Bug 828521

Summary: Firefox profile in NFSv4 directory
Product: Red Hat Enterprise Linux 6 Reporter: Devin Bougie <devin.bougie>
Component: kernelAssignee: nfs-maint
Status: CLOSED WONTFIX QA Contact: Filesystem QE <fs-qe>
Severity: high Docs Contact:
Priority: unspecified    
Version: 6.2CC: bfields, fs-qe, kzhang, nfs-maint, rwheeler
Target Milestone: rc   
Target Release: ---   
Hardware: x86_64   
OS: Linux   
Whiteboard:
Fixed In Version: Doc Type: Bug Fix
Doc Text:
Story Points: ---
Clone Of: Environment:
Last Closed: 2012-11-12 21:29:56 UTC Type: Bug
Regression: --- Mount Type: ---
Documentation: --- CRM:
Verified Versions: Category: ---
oVirt Team: --- RHEL 7.3 requirements from Atomic Host:
Cloudforms Team: --- Target Upstream Version:
Embargoed:

Description Devin Bougie 2012-06-04 20:28:18 UTC
Description of problem:
We see periodic file system hangs when a firefox profile is stored in an NFSv4 directory.


Version-Release number of selected component (if applicable):
Both client and server are fully updated RHEL6.2.


How reproducible:
Always


Steps to Reproduce:
1. Run firefox with the profile stored in an NFSv4 file system.  For example, mount a home directory using NFSv4.

  
Actual results:
Eventually the NFSv4 file system will wedge and all access to that FS from that client will block.  When this happens, "umount -f /file/system" will un-wedge the file system and everything continues where it left off.

[root@cesr3601 5475]# umount -f /home/rf_ctl 
umount2: Device or resource busy
umount: /home/rf_ctl: device is busy.
       (In some cases useful info about processes that use
        the device is found by lsof(8) or fuser(1))
umount2: Device or resource busy


Expected results:
Firefox should run smoothly using NFSv4.


Additional info:
We find lots of reports of problems with NFSv4 home directories and firefox with
FC16 and Ubuntu, but none yet for RHEL6:

https://bugzilla.redhat.com/show_bug.cgi?id=732748
https://bugzilla.redhat.com/show_bug.cgi?id=811138
http://thread.gmane.org/gmane.linux.nfs/48690/focus=48705
https://bugs.launchpad.net/ubuntu/+source/linux/+bug/974664

Firefox opens a bunch of sqlite files, sqlite uses flock to mediate
access, so this looks to be consistent with a problem w/flock and
NFSv4.  Doing strace on a hung firefox and then doing the 'umount -f'
to unhang shows it sitting in a futex which (presumably) gets woken
by the umount attempt:

futex(0x2b5710c9eab0, FUTEX_WAIT_PRIVATE, 2, NULL) = 0
futex(0x2b5710c9eab0, FUTEX_WAIT_PRIVATE, 2, NULL) = 0
futex(0x2b5710c9eab0, FUTEX_WAKE_PRIVATE, 1) = 0
futex(0x2b5710d8ca4c, FUTEX_CMP_REQUEUE_PRIVATE, 1, 2147483647, 0x2b570f606238, 89100) = 1
futex(0x2b5710c9eab0, FUTEX_WAKE_PRIVATE, 1) = 1
futex(0x2b56fdd0c040, FUTEX_WAIT_PRIVATE, 2, NULL) = -1 EAGAIN (Resource temporarily unavailable)
futex(0x2b56fdd0c040, FUTEX_WAKE_PRIVATE, 1) = 0
futex(0x2b57083f630c, FUTEX_WAKE_OP_PRIVATE, 1, 1, 0x2b57083f6308, {FUTEX_OP_SET, 0, FUTEX_OP_CMP_GT, 1}) = 1

Comment 1 Ric Wheeler 2012-06-04 20:44:04 UTC
Hi Devin,

This would be a great issue to work with Red Hat support to help you gather information/debug.
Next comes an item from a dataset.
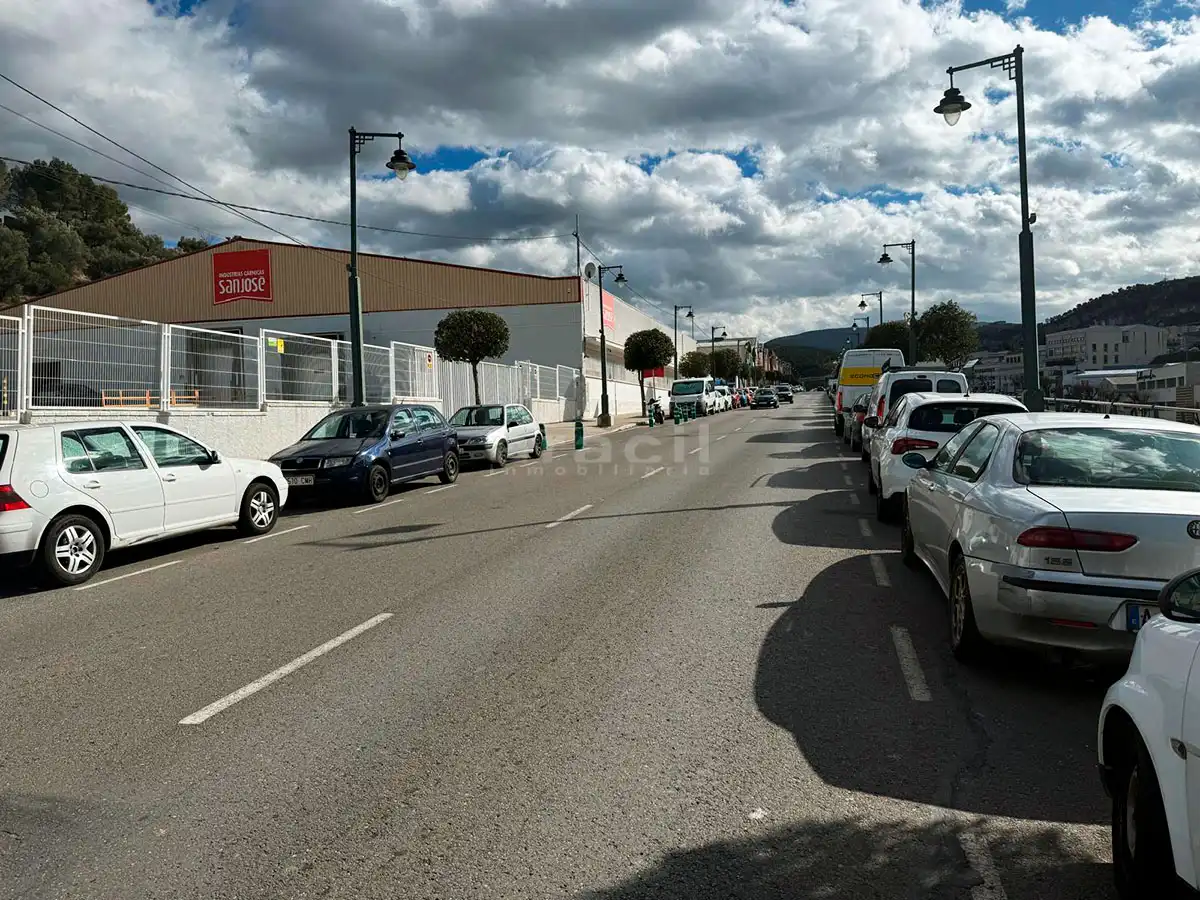 Vista exterior de Nave industrial en venta en Alcoy / Alcoi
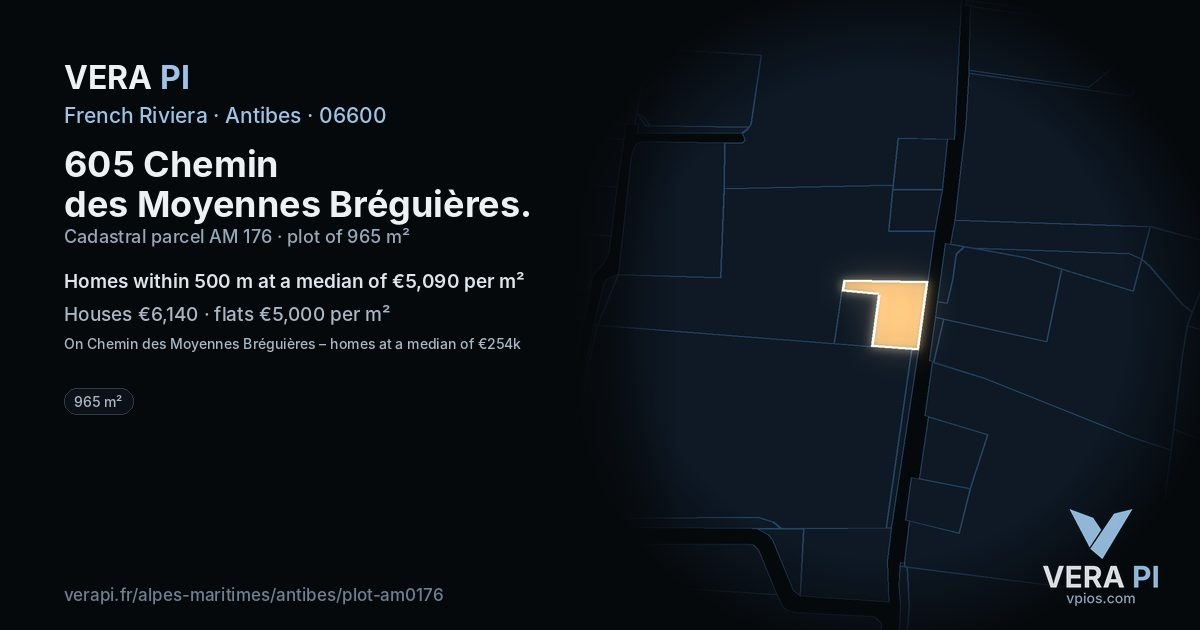 605 Chemin des Moyennes Bréguières, Antibes at night – the plot lit, the parcels around coloured by the prices near them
Can you please open an official support ticket if you have formal support?

Best regards,

Ric

Comment 3 Devin Bougie 2012-11-12 15:15:37 UTC
Hello,

It looks like we resolved this by switching from UDP to TCP.  The historical reason for forcing the Linux systems to UDP--incompatibilities with Tru64 file servers--isn't so much of an issue anymore.

Thanks,
Devin

Comment 4 J. Bruce Fields 2012-11-12 21:29:56 UTC
Thanks for the report.

We don't support NFSv4 over UDP, so I'm going to mark this not a bug.
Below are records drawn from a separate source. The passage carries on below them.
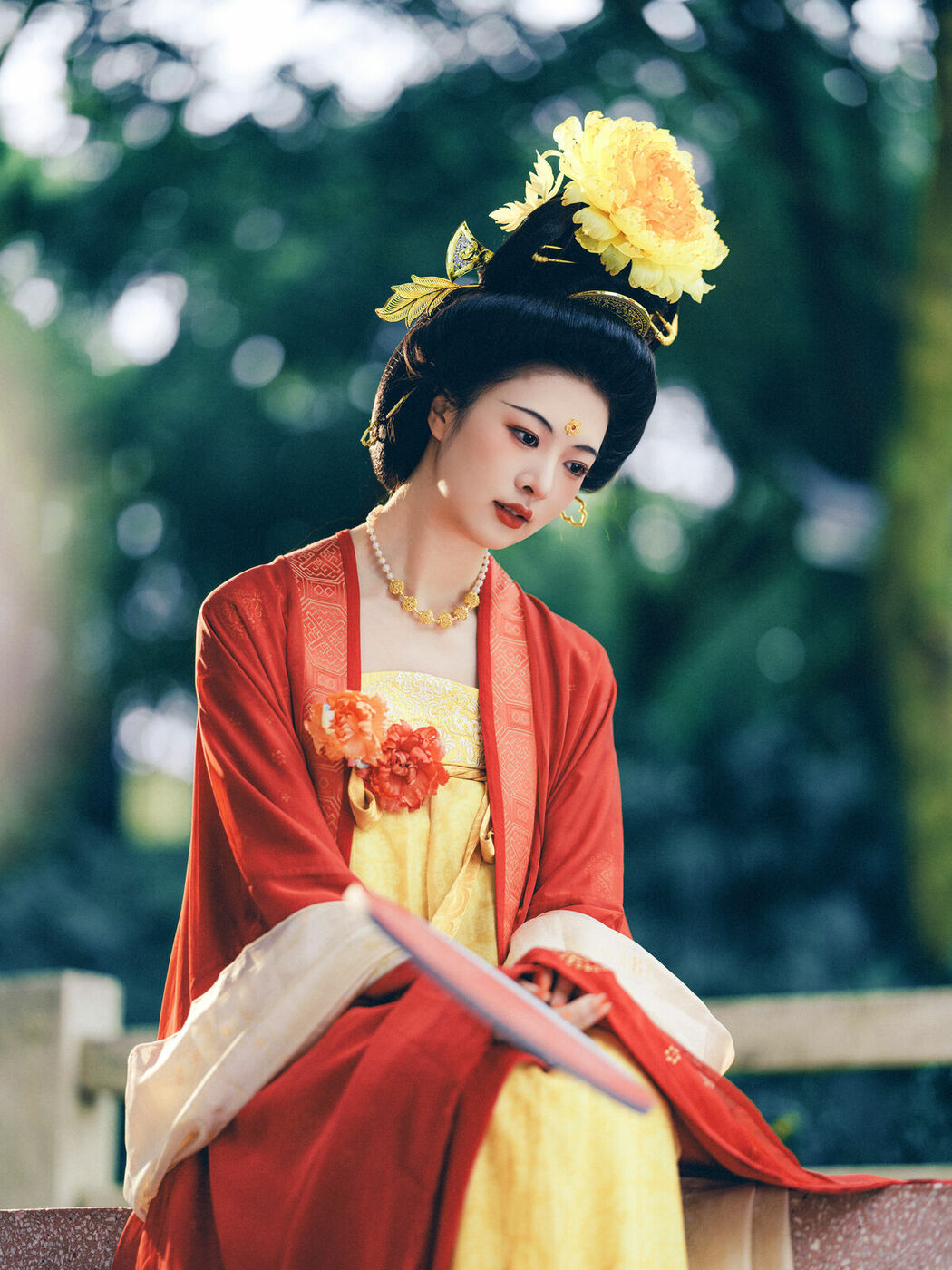 YiTuYu艺图语 Vol.8989 Yang Yang (30P)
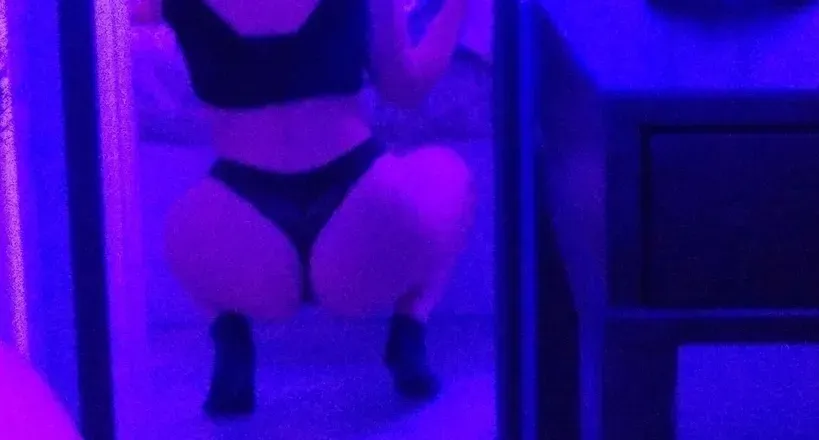 OnlyFans cuenta hot_linda header 2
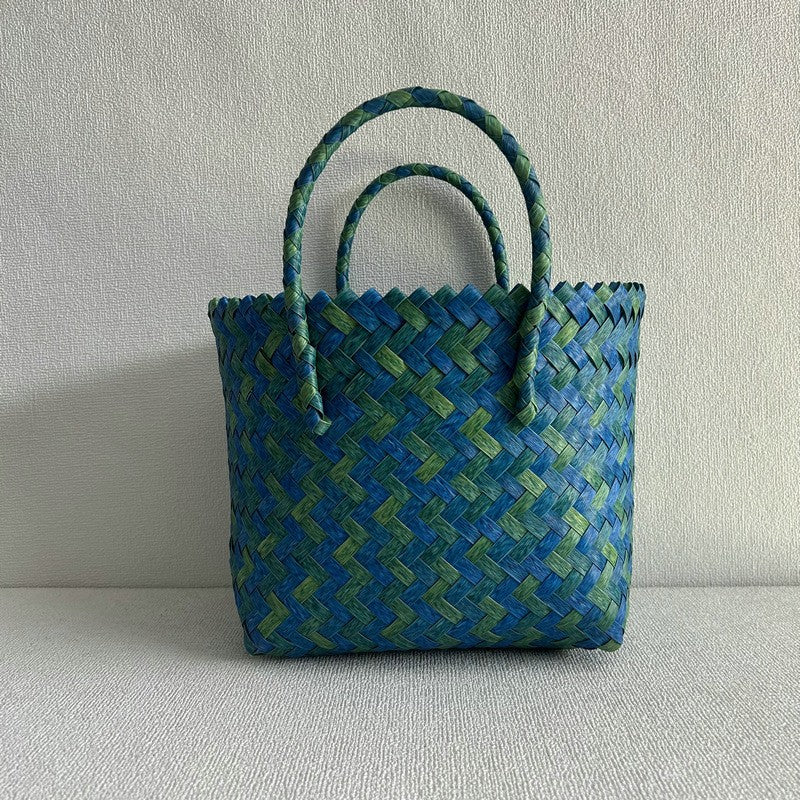 Wholesale Straw and rattan retro spring and summer beach vacation shoulder handbag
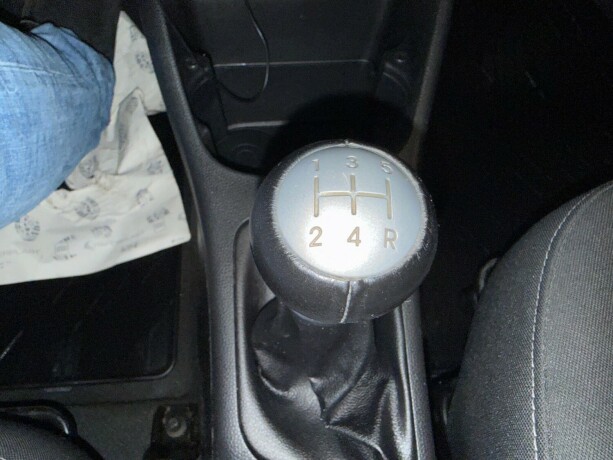 kia-picanto-bensin-2012-big-13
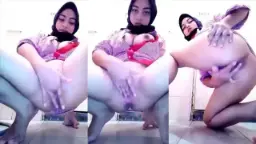 Colmek Cewek Cantik Berjilbab Bikin Makin Basah.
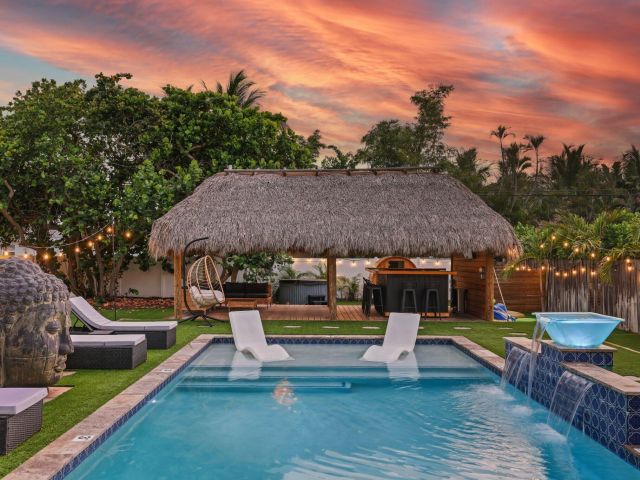 Home for sale at 1646 NE 3rd Avenue - photo 6110627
(Though we really should just turn it off completely--see bugs 606260 and 606263).

(It's also conceivable this would be reproduceable with v2 or v3 and UDP, in which case we might want to revisit this bug.  We discourage UDP even over v2 and v3, so that doesn't seem like a high priority for now.)